*WORK INSTRUCTIONS*:
The first line of the entries through the line bearing "Tappo di protezione": copy these lines exactly and return nothing else.

Dataset entries:
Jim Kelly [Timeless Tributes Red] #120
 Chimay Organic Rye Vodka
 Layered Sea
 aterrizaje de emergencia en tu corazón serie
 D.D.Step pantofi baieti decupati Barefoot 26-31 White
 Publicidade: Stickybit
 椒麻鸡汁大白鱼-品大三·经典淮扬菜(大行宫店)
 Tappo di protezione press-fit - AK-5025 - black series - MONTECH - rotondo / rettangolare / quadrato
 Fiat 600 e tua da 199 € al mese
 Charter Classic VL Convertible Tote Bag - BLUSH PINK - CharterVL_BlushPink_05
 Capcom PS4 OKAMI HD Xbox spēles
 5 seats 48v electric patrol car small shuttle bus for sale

*ANSWER BELOW*:
Jim Kelly [Timeless Tributes Red] #120
 Chimay Organic Rye Vodka
 Layered Sea
 aterrizaje de emergencia en tu corazón serie
 D.D.Step pantofi baieti decupati Barefoot 26-31 White
 Publicidade: Stickybit
 椒麻鸡汁大白鱼-品大三·经典淮扬菜(大行宫店)
 Tappo di protezione press-fit - AK-5025 - black series - MONTECH - rotondo / rettangolare / quadrato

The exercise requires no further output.